Procédure devant la Cour :
I) Par une requête enregistrée le 2 mai 2018 sous le n° 18PA01487, le ministre de l'action et des comptes publics demande à la Cour :
1°) d'annuler l'article 1er du jugement n° 1614353 du Tribunal administratif de Paris en date du 15 mars 2018 ;
2°) de remettre à la charge de Mme C... l'obligation de payer les cotisations supplémentaires d'impôt sur le revenu résultant de la mise en demeure du 24 mai 2016 dont la décharge a été prononcée par les premiers juges.
Il soutient que :
- les impositions en cause ayant été mises en recouvrement le 31 mai 1995, l'article 1691 bis du code général des impôts visé par les premiers juges n'est pas applicable au litige ;
- les époux ont fait l'objet d'une imposition commune ;
- en l'absence de réclamation préalable, les conclusions de la demande tendant à ce que les premiers juges prononcent une décharge de responsabilité solidaire de paiement étaient irrecevables ;
- le moyen tiré de l'application des dispositions du a de l'article 6 du code général des impôts relève du contentieux de l'assiette et est inopérant dans le cadre d'un litige relatif a l'obligation de payer ;
- la nature du régime matrimonial et les modalités de résidence des époux sont sans incidence sur leur solidarité légale pour le paiement de l'impôt sur le revenu.

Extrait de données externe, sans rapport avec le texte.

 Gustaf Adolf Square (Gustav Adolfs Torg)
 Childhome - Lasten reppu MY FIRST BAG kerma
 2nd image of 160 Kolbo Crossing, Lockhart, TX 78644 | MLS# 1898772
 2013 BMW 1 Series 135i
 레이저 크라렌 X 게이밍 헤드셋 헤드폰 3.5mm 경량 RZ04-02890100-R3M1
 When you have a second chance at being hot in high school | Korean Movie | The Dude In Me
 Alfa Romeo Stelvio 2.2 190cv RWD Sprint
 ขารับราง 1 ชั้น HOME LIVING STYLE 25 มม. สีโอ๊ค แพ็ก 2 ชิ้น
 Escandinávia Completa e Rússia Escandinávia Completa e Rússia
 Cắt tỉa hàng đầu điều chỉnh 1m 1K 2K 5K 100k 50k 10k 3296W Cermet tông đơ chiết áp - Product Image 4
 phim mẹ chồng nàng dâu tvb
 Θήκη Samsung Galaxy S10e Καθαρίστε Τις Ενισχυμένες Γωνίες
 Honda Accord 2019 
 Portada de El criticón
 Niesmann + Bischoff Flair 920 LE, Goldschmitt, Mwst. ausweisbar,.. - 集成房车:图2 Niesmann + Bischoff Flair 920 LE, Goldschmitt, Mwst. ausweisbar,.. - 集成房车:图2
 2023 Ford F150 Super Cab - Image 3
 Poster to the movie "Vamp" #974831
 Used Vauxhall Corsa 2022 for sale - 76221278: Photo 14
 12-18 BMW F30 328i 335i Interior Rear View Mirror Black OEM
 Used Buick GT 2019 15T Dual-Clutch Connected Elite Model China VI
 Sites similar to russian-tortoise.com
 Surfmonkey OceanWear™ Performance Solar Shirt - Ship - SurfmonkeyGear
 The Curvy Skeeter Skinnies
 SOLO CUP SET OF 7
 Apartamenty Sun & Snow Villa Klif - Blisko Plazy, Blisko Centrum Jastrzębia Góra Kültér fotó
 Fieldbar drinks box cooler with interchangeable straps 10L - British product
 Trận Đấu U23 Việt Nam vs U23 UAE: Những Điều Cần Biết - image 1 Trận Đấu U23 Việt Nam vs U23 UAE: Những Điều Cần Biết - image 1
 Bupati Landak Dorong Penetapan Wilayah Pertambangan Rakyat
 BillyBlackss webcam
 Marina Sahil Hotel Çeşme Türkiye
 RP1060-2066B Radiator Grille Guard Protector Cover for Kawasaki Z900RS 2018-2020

Par des mémoires enregistrés les 26 avril et 13 septembre 2019, Mme C..., représentée par Me B..., conclut au rejet de la requête du ministre de l'action et des comptes publics et demande à la Cour de mettre à la charge de l'Etat une somme de 10 000 euros en application de l'article L. 761-1 du code de justice administrative.
Elle soutient que :
- elle n'est pas solidaire des dettes fiscales de M. E... ;
- ils n'ont pas fait l'objet d'une imposition commune, condition d'application de la solidarité prévue par l'article 1685 du code général des impôts ;
- ils étaient mariés sous le régime de la séparation de biens et ne vivaient pas sous le même toit ;
- elle était domiciliée à Genève et était imposée sur ses revenus en Suisse ;
- ils n'ont pas fait l'objet d'une imposition commune ;
- elle a contesté, dans sa réclamation préalable, l'exigibilité des impôts en se prévalant de la prescription de l'action en recouvrement de l'administration fiscale résultant des dispositions de l'article L. 274 du livre des procédures fiscales ;
- dès lors qu'elle n'est pas solidaire des dettes fiscales de son ex-époux, les actes dont se prévaut l'administration ne peuvent avoir interrompu la prescription à son égard ;
- elle n'est pas redevable des impositions en cause ;
- l'avis à tiers détenteur du 8 février 2006 ne lui a jamais été notifié ;
- la prescription lui est acquise depuis le 2 février 2010 ;
- les actes de poursuites et notamment les déclarations de créances des 23 janvier et 12 juin 1995 ne lui ont pas été notifiés.
II) Par une requête enregistrée sous le n° 18PA01488 le 2 mai 2018, le ministre de l'action et des comptes publics demande à la cour d'ordonner le sursis à exécution du jugement n° 1614353 du Tribunal administratif de Paris en date du 15 mars 2018.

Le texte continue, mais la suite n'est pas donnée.